Je suis originaire de la Gâtine poitevine, région rurale située en Nouvelle-Aquitaine, au cœur du département des Deux-Sèvres. Mes parents étant agriculteurs, j’ai grandi dans un environnement naturel exceptionnel. Dès la troisième, une conseillère d’orientation m’a dirigée vers un BEP paysagisme. Alors qu’auparavant, j’avais toujours eu des difficultés scolaires, je me suis retrouvée première de la classe ! J’ai ensuite  passé un baccalauréat Sciences et Technologie de l’Environnement, option aménagement, puis un BTS aménagement paysagiste.

 

Comment se sont passées vos premières expériences dans le métier ?

J’ai travaillé dans plusieurs entreprises, de tailles différentes, mais je n’arrivais pas à trouver ce qui me correspondait. Bien sûr, cela m’a permis d’acquérir de l’expérience mais j’ai vite compris que les appels d’offre pour obtenir des marchés tiraient la qualité vers le bas. J’ai alors décidé, à l’âge de 24 ans, de créer ma propre entreprise, Les Jardins du Moulin.

 

C’était il y a 11 ans. Comment a évolué votre société ?

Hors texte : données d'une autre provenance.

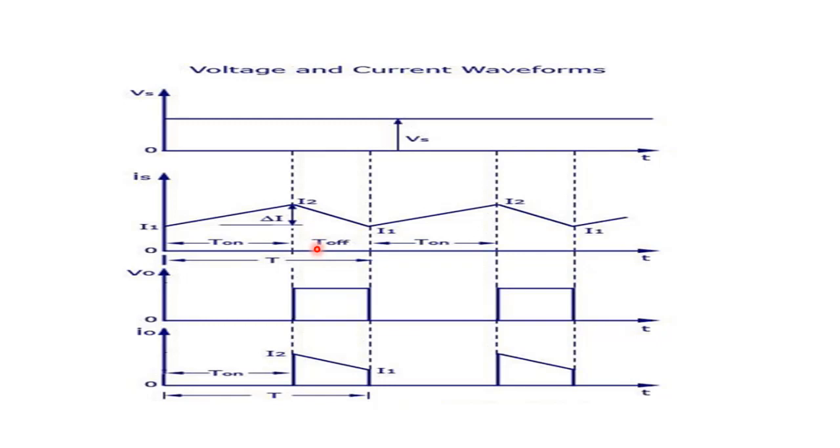The next mode of operation is when the chopper is off. The inductor starts discharging, changing polarity from maximum to minimum current. At that time, the output voltage across the load is greater than the supply voltage. Again the cycle is repeated — chopper on, then chopper off. When chopper is on, the inductor charges from minimum to maximum current and output voltage equals zero. When chopper is off, the inductor discharges and the voltage across the output is greater than the supply voltage.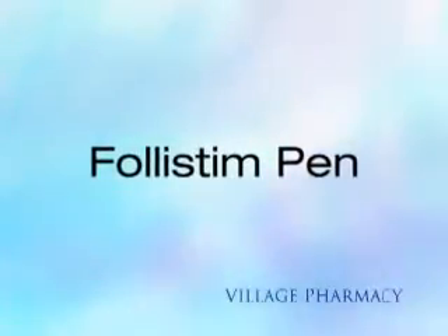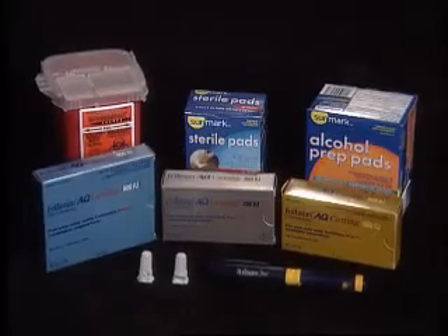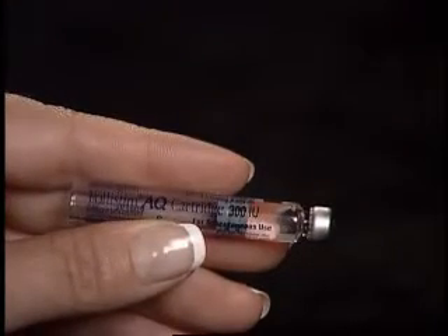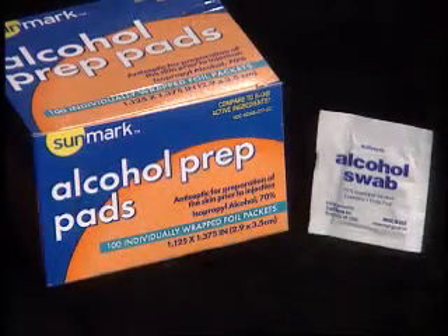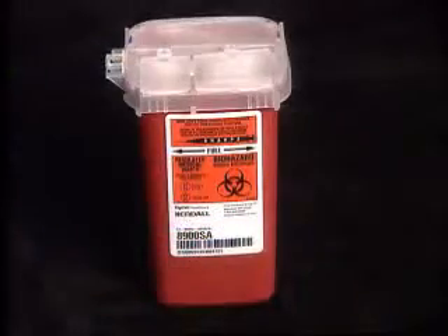You are viewing the Village Pharmacy Med Series for Follistim Pen. The supplies needed are: Follistim Pen, Follistim AQ Cartridges, BD Microfine Pen Needles, Alcohol Wipes, Sterile Gauze Pads, and a Sharps Container.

N’ayant aucune clientèle au départ, il a fallu montrer de quoi j’étais capable. J’ai commencé avec un salarié à mi-temps et très vite, les chantiers ont démarré : d’abord des travaux de création et d’entretien de jardins pour les particuliers puis pour les entreprises. Je suis restée dans mes convictions et ne réponds toujours pas aux appels d’offres. Après avoir installé la société chez moi, j’ai créé il y a deux ans un bâtiment artisanal pour notamment stocker le matériel. J’ai aujourd’hui deux sociétés : la Sarl Les Jardins du Moulin et une société dédiée à l’entretien. L’entreprise est agréée dans le secteur de l’aide à la personne, ce qui permet de proposer aux particuliers une offre de services aux conditions fiscales avantageuses. Mon mari menuisier a rejoint l’entreprise et j’ai donc 7 salariés.

 

Qu’est-ce qui vous plaît dans le métier de paysagiste ?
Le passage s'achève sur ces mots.